Vous avez perdu après prolongation (9-15) et votre vie en a été transformée…
Cette défaite en finale a modifié non seulement mon destin, mais aussi celui de Toulon. Vainqueur, je ne serais jamais parti jouer à Nice, ni les dix joueurs qui m’ont suivi.
Au-delà du rugby, vous avez pour point commun des origines espagnoles. Comment vos familles sont-elles arrivées en France ?
Herrero : Mon grand-père maternel acheminait du vin d’Espagne jusqu’à Lézignan, dans les Corbières, avec cinq ou six chevaux. Il a connu ma grand-mère en Andorre. Ils sont venus s’installer à Puisserguier, dans l’Hérault. Mon grand-père paternel, lui, était originaire d’Alicante. Il était ouvrier agricole et habitait dans une petite cabane dans les vignes. Mon père était aussi ouvrier agricole. Et il jouait au rugby au village. On l’appelait « le dératé ». Il jouait troisième-ligne. Un jour, arrive un bonhomme de La Seyne-sur-Mer, dans le Var, qui cherchait des rugbymen… Et c’est comme ça que l’on s’est retrouvés à La Seyne, j’avais onze ans. Daniel (le frère cadet, ancien joueur et entraîneur du RC Toulonnais, né en 1948) ne marchait pas encore.
Albaladejo : Mais, Daniel, il avait déjà le bandeau ?
Herrero : Vous allez rire, mais, petit, Daniel ne parlait pas… Bon, depuis, le littéraire s’est rattrapé ! À 14 ans, j’ai passé le concours de l’arsenal où je suis rentré comme apprenti. J’ai d’abord fait de l’athlétisme. Puis j’ai commencé à jouer au Rugby Club Corse… Il était dans le quartier de Chicago (alors le quartier chaud, dans la basse ville, non loin du stade Mayol).

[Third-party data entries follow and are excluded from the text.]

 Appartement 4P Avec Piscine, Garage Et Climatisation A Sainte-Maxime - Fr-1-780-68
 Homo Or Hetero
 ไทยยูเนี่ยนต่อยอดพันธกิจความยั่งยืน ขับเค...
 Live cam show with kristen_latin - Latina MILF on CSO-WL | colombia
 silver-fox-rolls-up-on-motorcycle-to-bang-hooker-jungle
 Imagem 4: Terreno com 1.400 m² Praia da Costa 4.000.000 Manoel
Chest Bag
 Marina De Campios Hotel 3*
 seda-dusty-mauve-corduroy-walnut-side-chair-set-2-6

Notre entraîneur était un proxénète. J’ai alors fait mon éducation sexuelle… « Touche, petit… » Et le président était commissaire de police. Parfois, le dimanche, il allait chercher un joueur dans la prison à côté le temps d’un match…

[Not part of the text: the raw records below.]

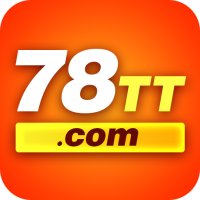 78tt App Master v2.2.2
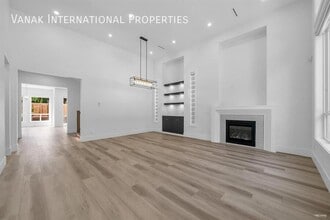 5238-5236 6 Ave in Delta, BC - Building Photo - Building Photo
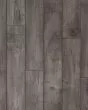 Woodland Maple Mist Restoration 7" Laminate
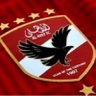 𝕄𝕠ℍ𝕒𝕄𝕖𝕕 𝕀𝕓𝕣𝕒ℍ𝕚𝕞 🦅 أُس͠ط͠و͠رة ال͠ق͠ارة profil fotoğrafı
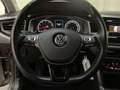 Volkswagen Polo 1.0 TSI Highline Business R R-Line Climate Control Grigio - thumbnail 5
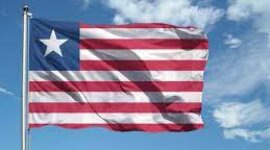 Timeline: Liberia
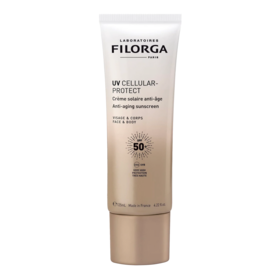 Filorga UV Cellular-Protect Corps SPF50 125ml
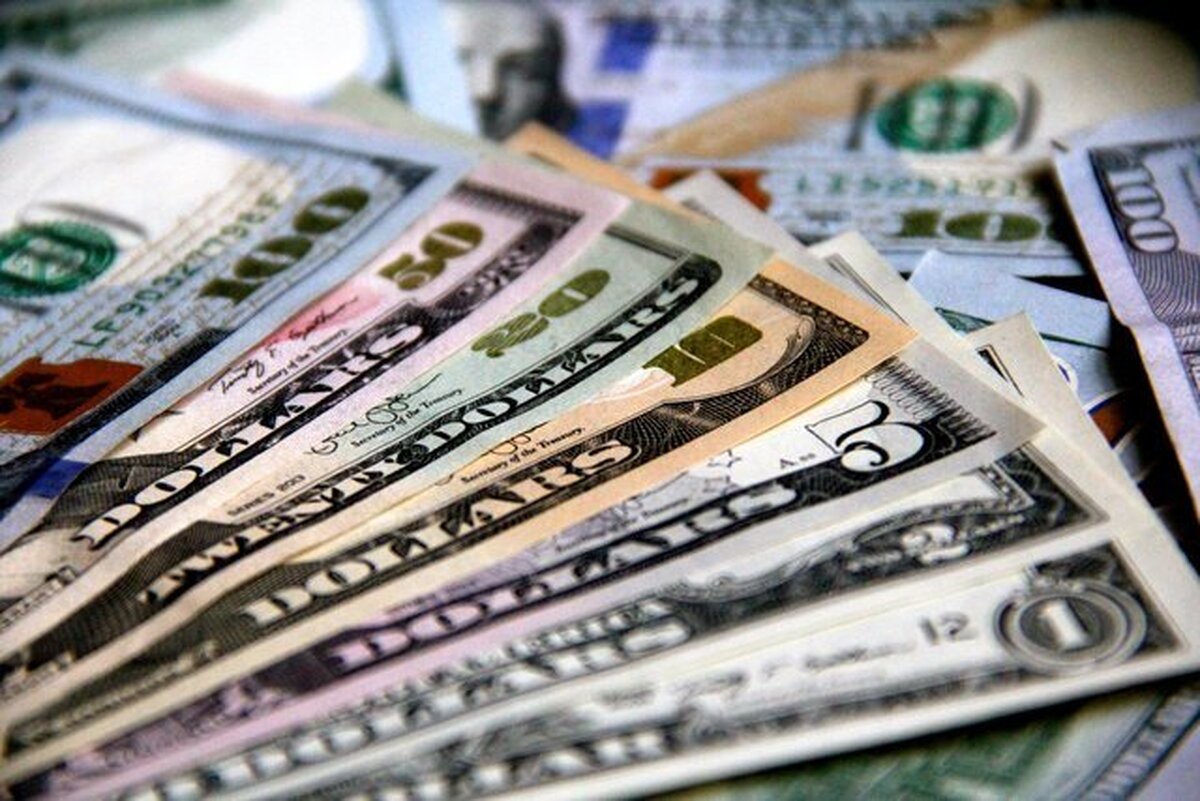 آخرین مهلت رسیدگی به درخواست‌های ایفای تعهدات ارزی سال ۱۴۰۱ اعلام شد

Et vous, Pierre, votre famille vient de quelle région d’Espagne ?
Albaladejo : Pas très loin de celle d’André, de la province de Murcie. Mes arrière-grands-parents étaient propriétaires de mines de plomb et d’argent. À la mort de mon arrière-grand-père, ils étaient cinq garçons, mon grand-père était le cinquième. L’aîné, par le droit d’aînesse, a hérité des mines. Mais il aimait l’alcool, les filles et le jeu. Résultat : quatre ans après, il avait tout bouffé. Mon grand-père et ses frères, de fils du patron se sont retrouvés à manier des pioches dans la mine. Plus tard, mon père est venu travailler au Vigan, dans le Gard, et il a fait des études sur les transformateurs. Et il s’est retrouvé muté dans les Landes. On habitait au Sablar, un quartier pauvre de Dax, de l’autre côté de l’Adour. Longtemps, on a cru que l’on n’avait pas le droit de traverser le pont qui menait au quartier riche, avec les hôtels. On vivait avec les Portugais, les Espagnols dans notre quartier de va-nu-pieds.Mais très heureux. On était trois frères. J’étais le troisième. On achetait un vêtement que Robert abîmait, puis Raymond me le tuait et, moi, j’étais le minable, le plus mal habillé. Et, du coup, quand il y avait un carreau de cassé, c’était toujours de ma faute. J’en ai pris, des branlées…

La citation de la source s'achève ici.